Performance metric implemented in Python

lopuhin · September 3, 2017, 10:06am

Below is my attempt at implementing performance metric in Python 3 (probably adding from __future__ import division would be enough for Python 2). It uses editdistance library for the Levenshtain distance calculation. I’m not 100% sure it is correct, this is just my interpretation of the rules, would be glad if anyone points at errors in the implementation.

import editdistance
import numpy as np
import pandas as pd
from sklearn.metrics import roc_auc_score, r2_score

CLASSES = [
    'species_fourspot',
    'species_grey sole',
    'species_other',
    'species_plaice',
    'species_summer',
    'species_windowpane',
    'species_winter',
]


def get_score(true_df, pred_df):
    edit_score = get_edit_score(true_df, pred_df)
    auc_score = np.mean([roc_auc_score(true_df[cls] == 1, pred_df[cls])
                         for cls in CLASSES])
    with_fish = ~np.isnan(true_df['length'])
    length_score = max(0, r2_score(true_df['length'][with_fish],
                                   pred_df['length'][with_fish]))
    return 0.6 * edit_score + 0.3 * auc_score + 0.1 * length_score


def get_edit_score(true_df: pd.DataFrame, pred_df: pd.DataFrame):
    video_ids = true_df['video_id'].unique()
    true_df, pred_df = [df.groupby(['video_id', 'fish_number']).max()
                          .reset_index().set_index('video_id')
                        [CLASSES].apply(np.argmax, axis=1)
                        for df in [true_df, pred_df]]
    return 1 - np.mean([
        normalized_edit_distance(
            *[list(df.loc[video_id]) for df in [true_df, pred_df]])
        for video_id in video_ids])


def normalized_edit_distance(true_seq, pred_seq) -> float:
    return min(1., editdistance.eval(true_seq, pred_seq) / len(true_seq))

lopuhin · September 7, 2017, 1:34pm

FWIW, there are several issues:

dataframes must be aligned, but this is not checked here
AUC calculation misses normalization to [0, 1]
AUC calculation is done across all videos, but should be done inside one video and then averaged instead

chris_k · September 12, 2017, 11:17am

With some inspiration from @lopuhin I created this implementation, which includes the AUC normalization, and the fallback to MAE (not sure I got this right, though).

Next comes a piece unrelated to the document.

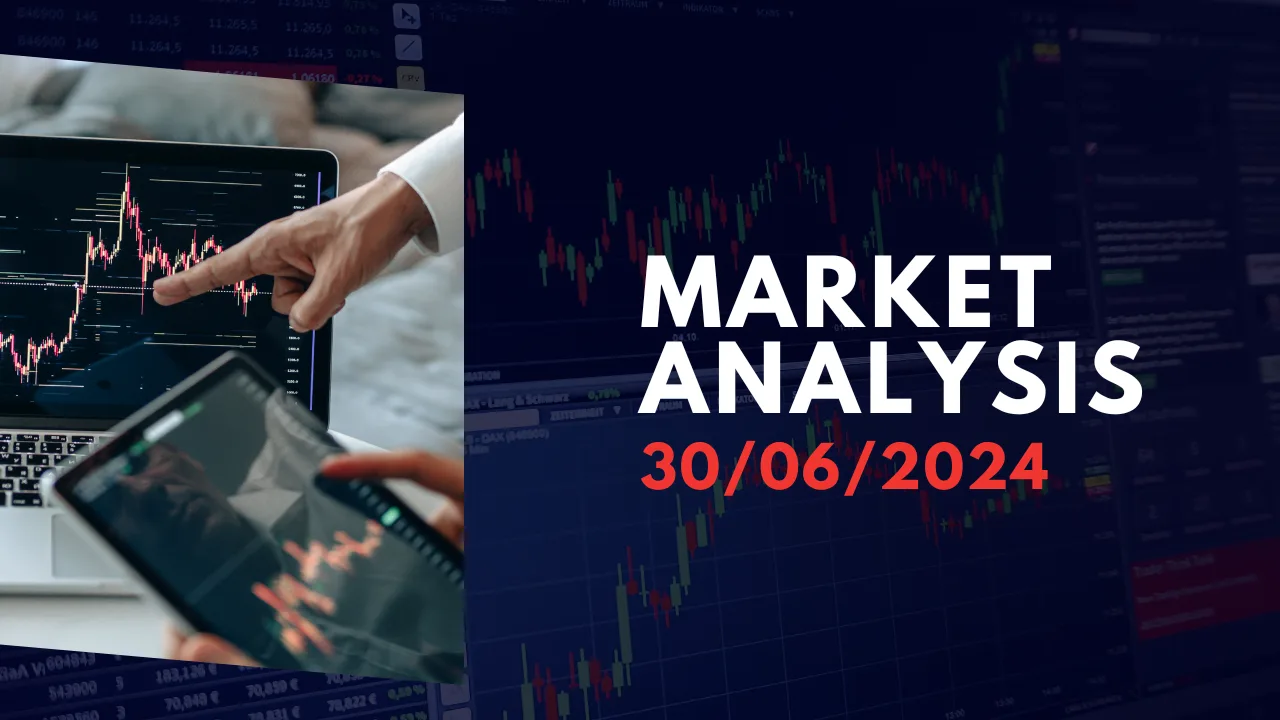 Weekly Market Analysis [2024.06.30]: Key Trends and Breakouts in Forex, Commodities, and Cryptocurrencies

It calculates all metrics per video, then weights them, and then averages over all. Print statements also give you a breakdown on videos and individual metrics.

import pandas as pd
import numpy as np
import editdistance
from sklearn.metrics import roc_auc_score, r2_score, mean_absolute_error

species = [
    'species_fourspot',
    'species_grey sole',
    'species_other',
    'species_plaice',
    'species_summer',
    'species_windowpane',
    'species_winter']

def get_metrics(true_df, pred_df):
    vid_scores = []
    for vid, indexes in true_df.groupby('video_id').groups.items():
        true = true_df.loc[indexes]
        pred = pred_df.loc[indexes]

        sequence_score = get_sequence_score(true, pred)
        auc_score = get_auc_score(true, pred)
        length_score = get_length_score(true, pred)

        print(vid)
        print("Edit score: %.3f" % sequence_score)
        print("AUC score: %.3f" % auc_score)
        print("Length score: %.3f" % length_score)
        print("")
        weighted_score = 0.6 * sequence_score + 0.3 * auc_score + 0.1 * length_score
        vid_scores.append(weighted_score)
    return np.mean(vid_scores)

def get_sequence_score(true, pred):
    true_seq = true[species].apply(np.argmax, axis=1).tolist()
    pred_seq = pred[species].apply(np.argmax, axis=1).tolist()
    edist = editdistance.eval(true_seq, pred_seq)
    edist = min(edist / len(true_seq), 1)
    score = 1 - edist
    return score
    
def get_auc_score(true, pred):
    try:
        # fails when only one unique class predicted in video
        score = np.mean([roc_auc_score(true[spc],
                                       pred[spc])
                         for spc in species])
        score = 2 * score - 1
    except Exception as e:
        score = 1 - np.sum([mean_absolute_error(true[spc],
                                                pred[spc])
                            for spc in species])
    return np.mean(score)

def get_length_score(true, pred):
    fish = true['length'] > 0
    score = r2_score(true['length'][fish],
                     pred['length'][fish])
    return max(score, 0)

print("Overall score: %.3f" % get_metrics(true_df, pred_df))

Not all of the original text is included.